Conoscere il cloruro di sodio

a cura di Simone Gliottone, pubblicato il 15/02/2024

L’essere umano è l’artefice del grado di sapidità della propria esistenza: scegliendo come agire, quando seguire l’istinto e quando invece affidarsi alla più glaciale razionalità, egli delinea i contorni del proprio pensiero e del proprio operato, mettendo all’interno delle relazioni sociali il proprio granello di sale. Nella storia, l’uomo ha sempre avuto la necessità di possedere del sale: che si trattasse di salgemma della qualità più pura, fornita dalla miniera, o di cloruro di sodio di qualità inferiore, proveniente dalle saline marine, l’uomo ha sempre avuto bisogno di esso per rendere i contorni della sua vita definiti e descrivibili — proprio come dovrebbero essere i sapori del cibo: identificabili, circoscrivibili, narrabili e anche riproducibili.

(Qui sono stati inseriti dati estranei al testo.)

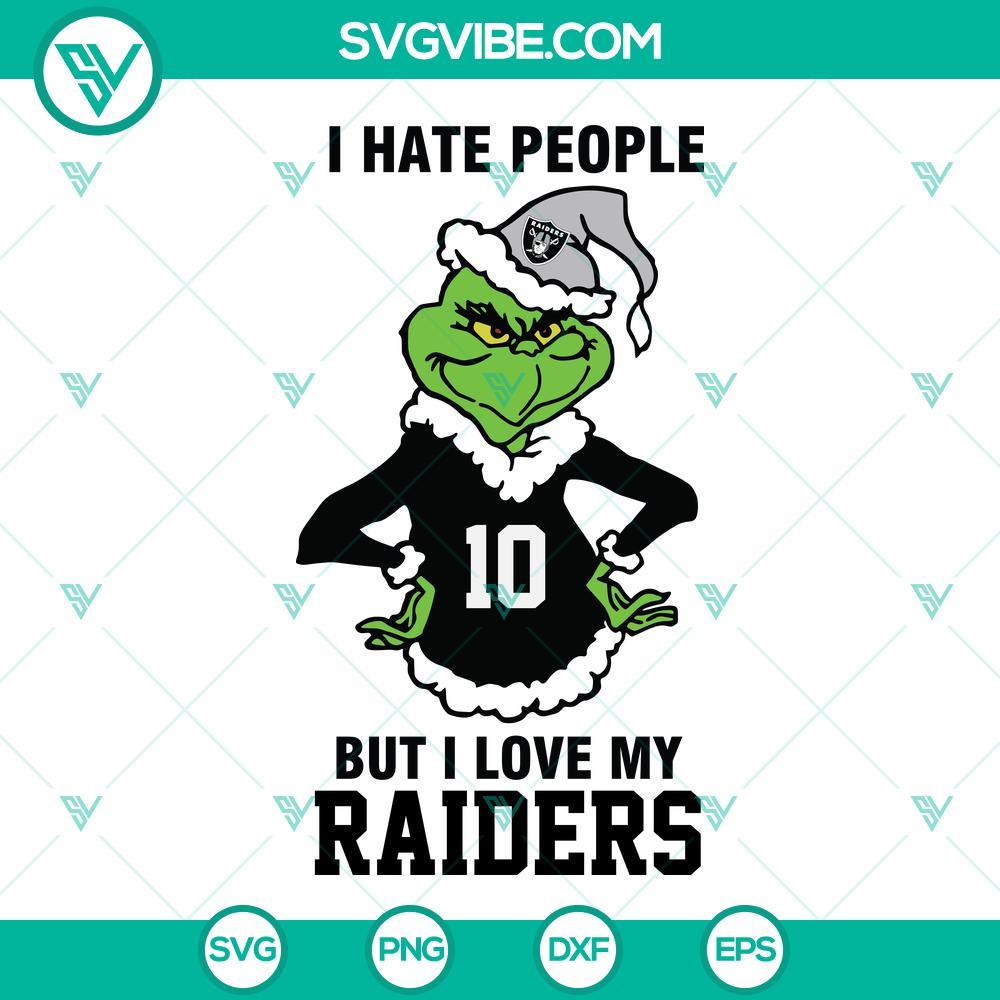 grinch las vegas raiders christmas svg i hate people but i love my raiders football svg png dxf eps cut files mockup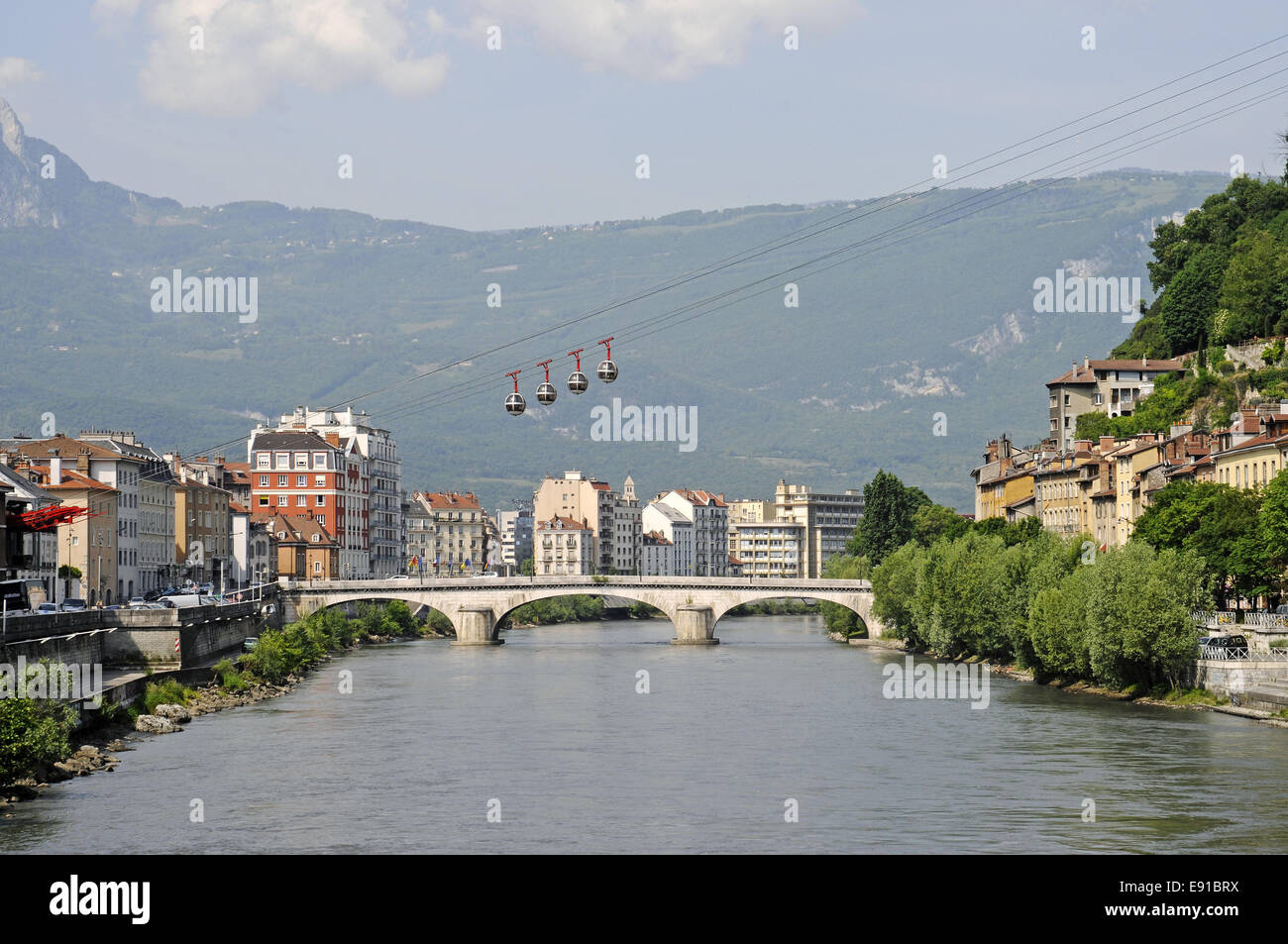 Funivia sul fiume Isere a Fort de la Bastille Foto Stock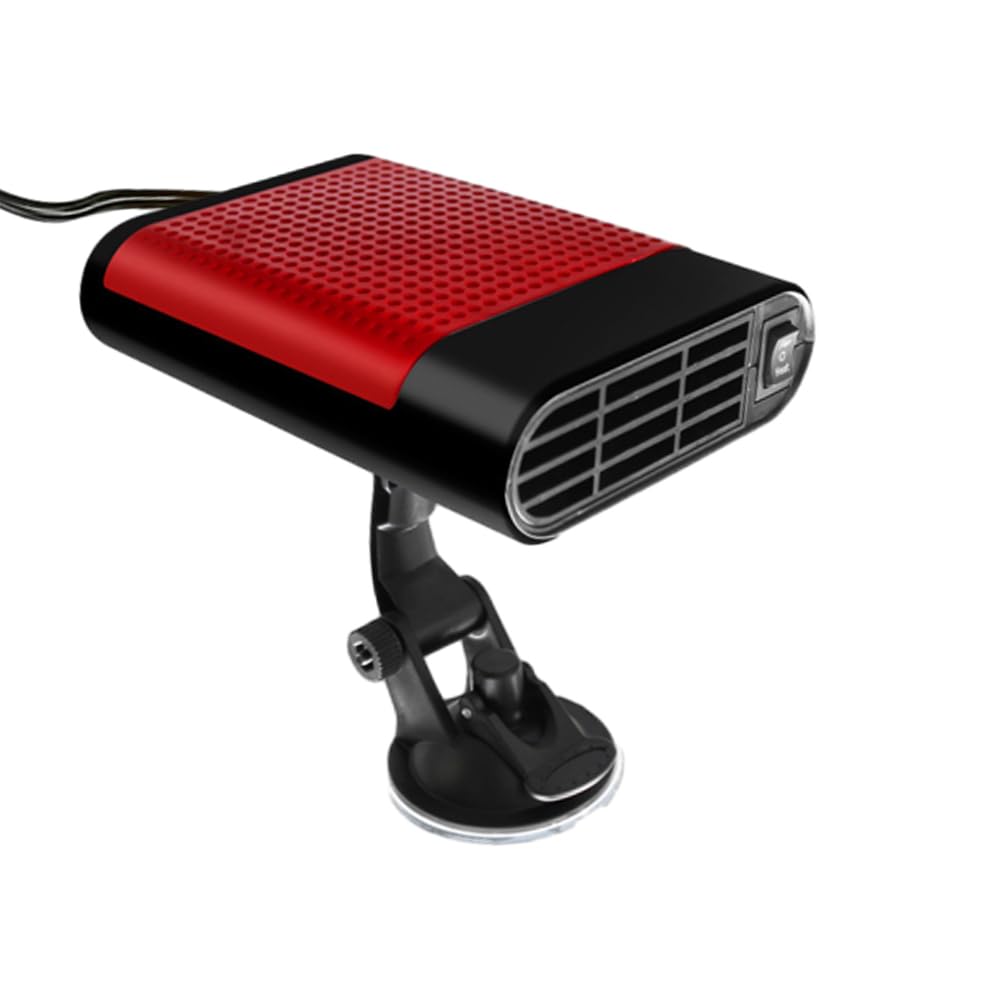 Riscaldatore per auto Riloer per camper, 12 V, 120 W, portatile, per auto, riscaldamento e raffreddamento rapidi invernali compatibile con la maggior parte dei veicoli, con supporto a ventosa.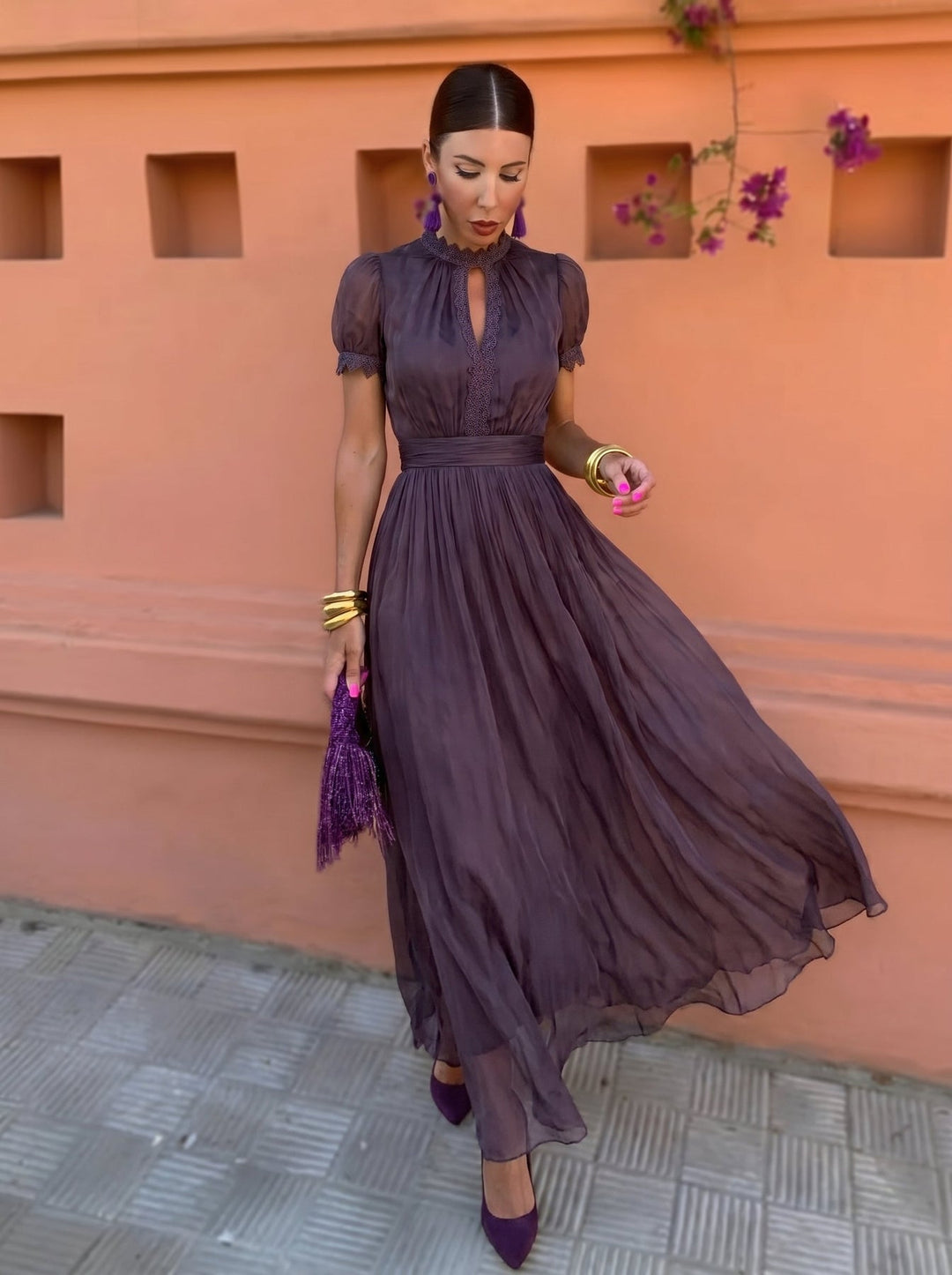 Eshley - Vintage Chiffon Maxi Dress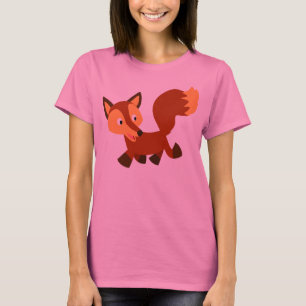 Niedlich Happy Cartoon Fox Women T - Shirt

Salgemma, Miniera di sale di Khewra (Pakistan). Ser Amantio di Nicolao, Wikimedia Commons, CC BY 2.0 DEED
Salgemma, Miniera di sale di Khewra (Pakistan).

Che cos’è il sale, di cui oggi si ha una disponibilità pressoché infinita? La chimica informa che la denominazione esatta è cloruro di sodio, con formula NaCl, in cui sono presenti un atomo di sodio e uno di cloro nel rapporto 1:1, tenuti assieme da un legame ionico che, nel sale in cristalli, rende il reticolo ordinato secondo uno schema cubico in cui questi due ioni — negativo per il cloro e positivo per il sodio — si trovano alternati, mentre nel sale in soluzione li troviamo naturalmente separati.

Le conoscenze sulle proprietà chimiche del sale portarono al suo impiego nella conservazione degli alimenti, poiché forti concentrazioni di sale risultano tossiche per molti microrganismi. Questo utilizzo fu largamente adottato come tecnica gastronomica per prolungare la durata di un cibo, fino alle scoperte di Nicolas Appert. Nel 1810, l'inventore, dopo vari esperimenti, capì che la combinazione di calore e l’esclusione dell’aria da un contenitore chiuso ermeticamente rendeva il cibo contenuto al suo interno utilizzabile per molte settimane: questa tecnica fu subito sperimentata in ambito militare.

Oggi questo impiego del sale è ormai stato sostituito da tecniche più moderne ed efficaci, quali la surgelazione e la refrigerazione industriale, la pastorizzazione, la liofilizzazione. Tuttavia, come hanno insegnato gli antichi Romani con il garum, la salamoia o la conservazione sotto sale (e spezie) rendono il cibo molto più desiderabile e gustoso.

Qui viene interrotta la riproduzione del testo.